Right now, I'm most actively reading "The Color of Magic" (I guess I have a US edition; I was remembering the title with the UK spelling but my book has "Color"). It's entertaining. More slapstick than I expected and Rincewind seems like kind of a screw up. But it's still entertaining.
I also started Joy Clarkson's "Aggressively Happy," which is a somewhat faith-oriented book (I *think* Clarkson has a divinity degree) about living in a world where bad things happen and being happy anyway.
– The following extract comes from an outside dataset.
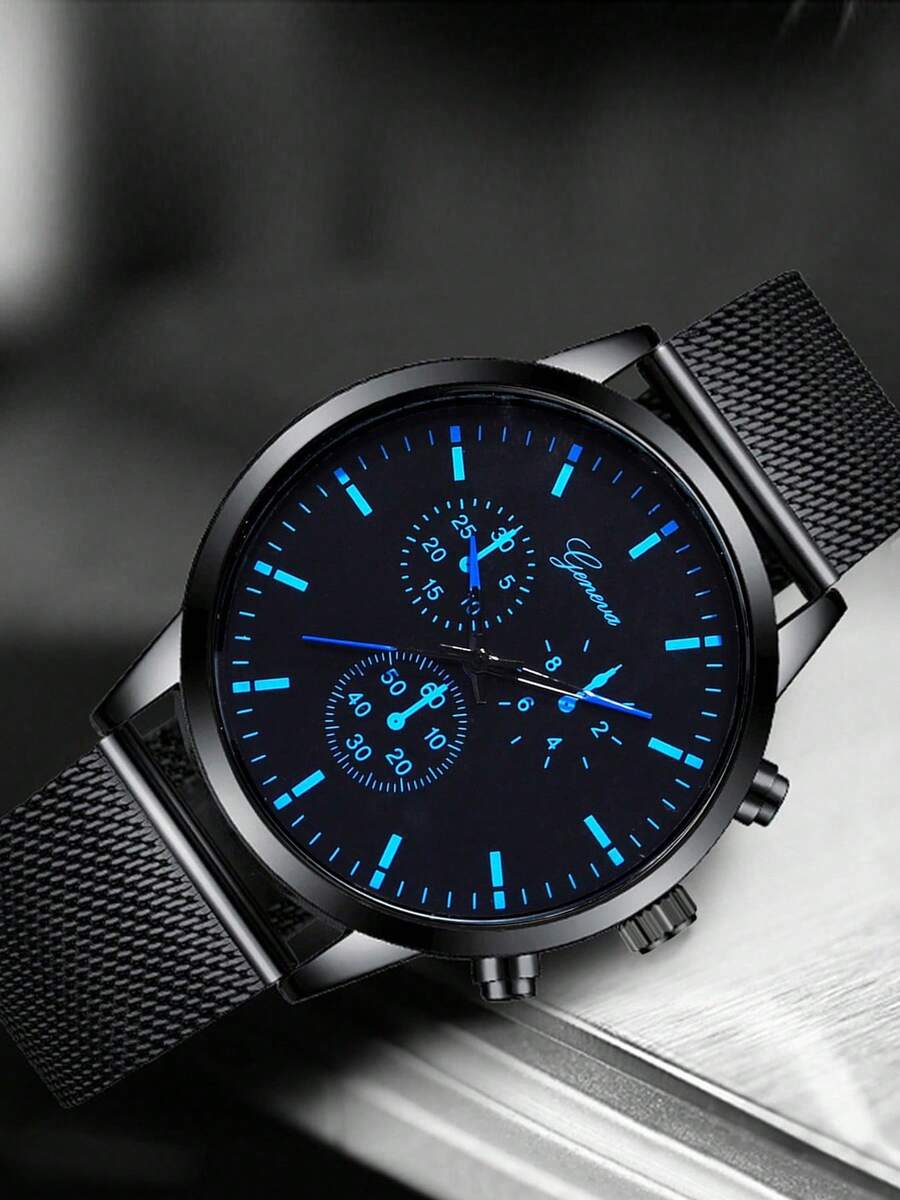 男士休闲石英表，简约圆形表盘，金属网状表带，男士最佳礼物，适合假日和日常佩戴。 - 黑色 - 查看 1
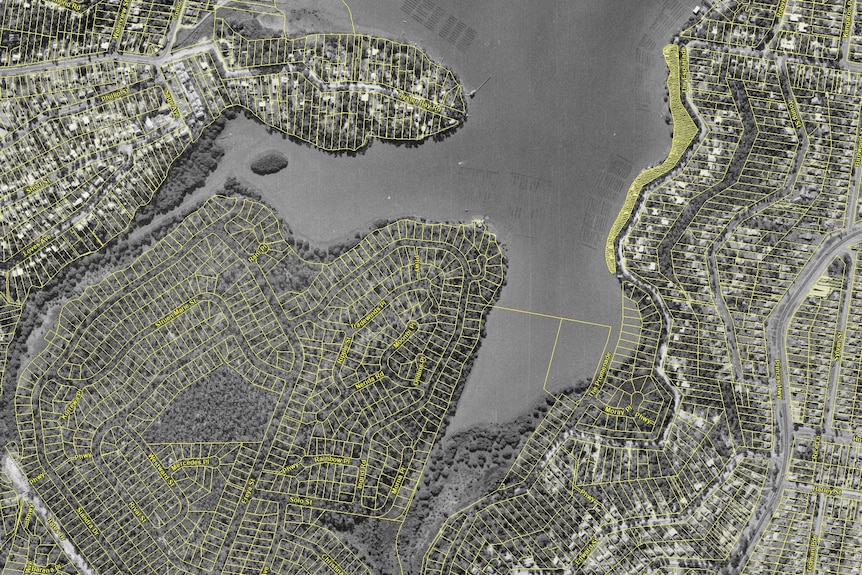 an aerial photo of a bay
I was attracted to it because I follow her on twitter and so far it doesn't seem to fall into the trap (as I see it) that some "faith guide to understanding this fallen world" books fall into of either telling you it's your fault if you're not happier (because you're insufficiently grateful for the good things you have) or that suffering is just an illusion in the face of the greater good (the whole "pie in the sky by and by when we die" idea)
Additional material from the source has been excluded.